Justement : face à la difficulté d’adaptation, quelles solutions ?

C. A. : Olivier Dussopt déclarait récemment que le Gouvernement avait organisé un groupe de travail pour y réfléchir. L’adaptation pourrait passer par une modification du Code du travail même si, dans l’immédiat, je ne vois pas de véhicule législatif pérenne sur lequel l’exécutif pourrait s’appuyer pour le faire.

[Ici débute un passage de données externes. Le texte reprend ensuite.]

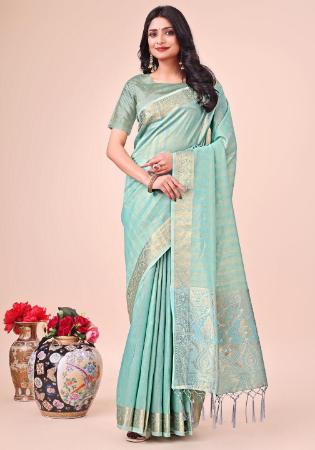 Picture of Charming Organza Dark Sea Green Saree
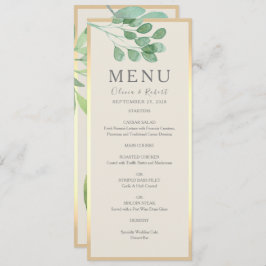 Cartão de Menu de Casamento Dourado Greenery
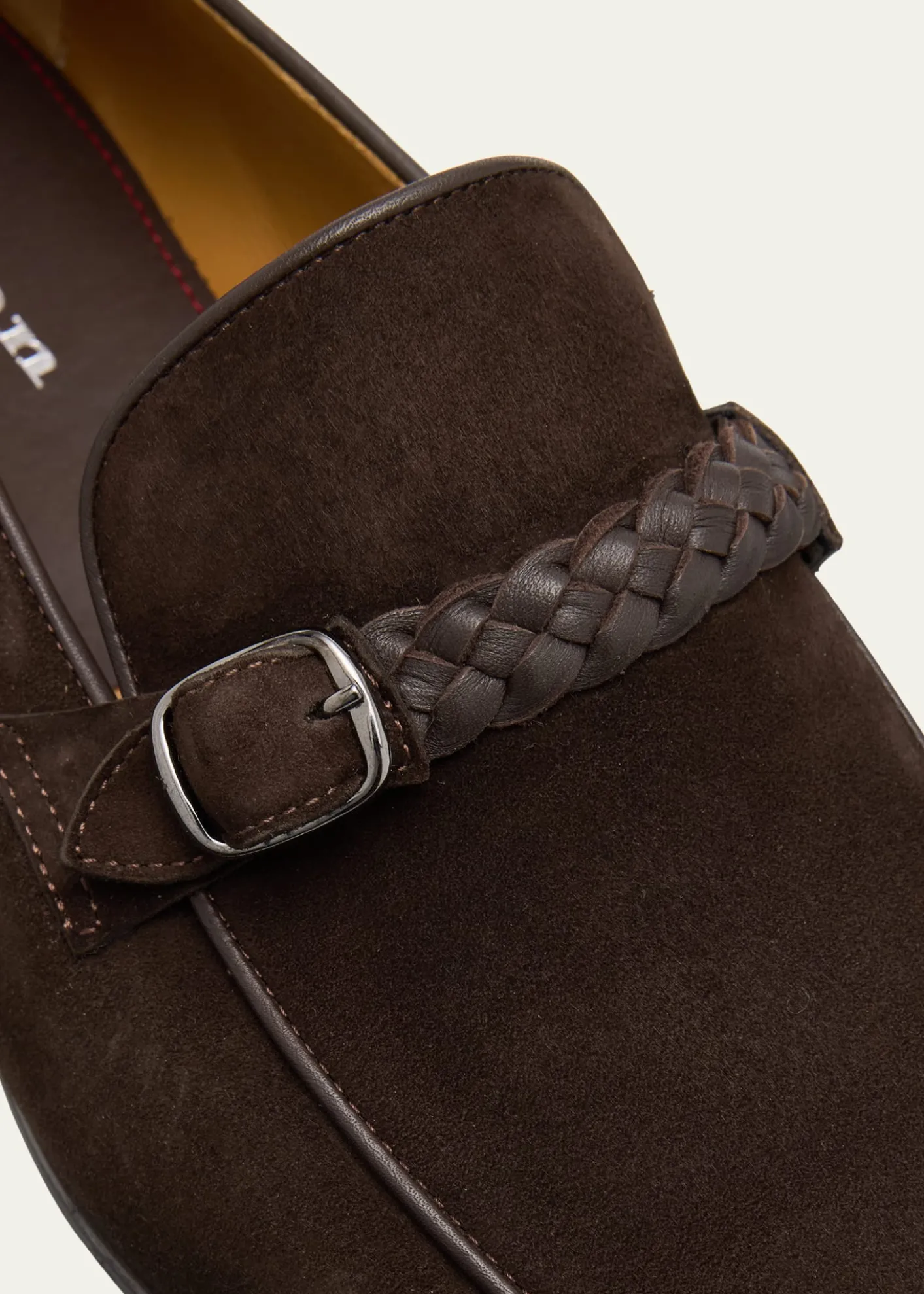 KitonMen's Suede Braided Leather-Bit Loafers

C’est, en revanche, un sujet dont les partenaires sociaux – sans doute à l’initiative du Medef – pourraient s’emparer en organisant rapidement une négociation interprofessionnelle dans le cadre de leur agenda social autonome. L’une des pistes qui permettrait de rendre l’adaptation des entreprises moins douloureuses pourrait être un retour au contenu de la décision européenne du 22 novembre 2011, que j’évoquais précédemment et qui fixait à quinze mois la durée maximale du report des congés payés. Il y a un équilibre à trouver entre, d’une part, l’intérêt des entreprises qui ne peuvent pas se permettre de laisser les salariés rattraper leurs congés sur une durée illimitée, mais aussi celui des salariés qui ne peuvent pas perdre les congés « raisonnables » auxquels ils ont droit. Dans cette situation, la « solution des quinze mois » serait sans doute la plus juste. On pourrait aussi imaginer qu’un salarié de retour d’une absence longue durée se voit proposer par son employeur de prendre immédiatement ses congés dans la foulée de son arrêt de travail. Comme s’il s’agissait d’une sorte de « congé de convalescence ». De toute façon, lorsqu’un salarié a été longuement absent, l’entreprise l’a sans doute remplacé par un CDD. Cela permettrait à l’entreprise de préparer le retour de son salarié dans de bonnes conditions et au salarié de revenir plus reposé.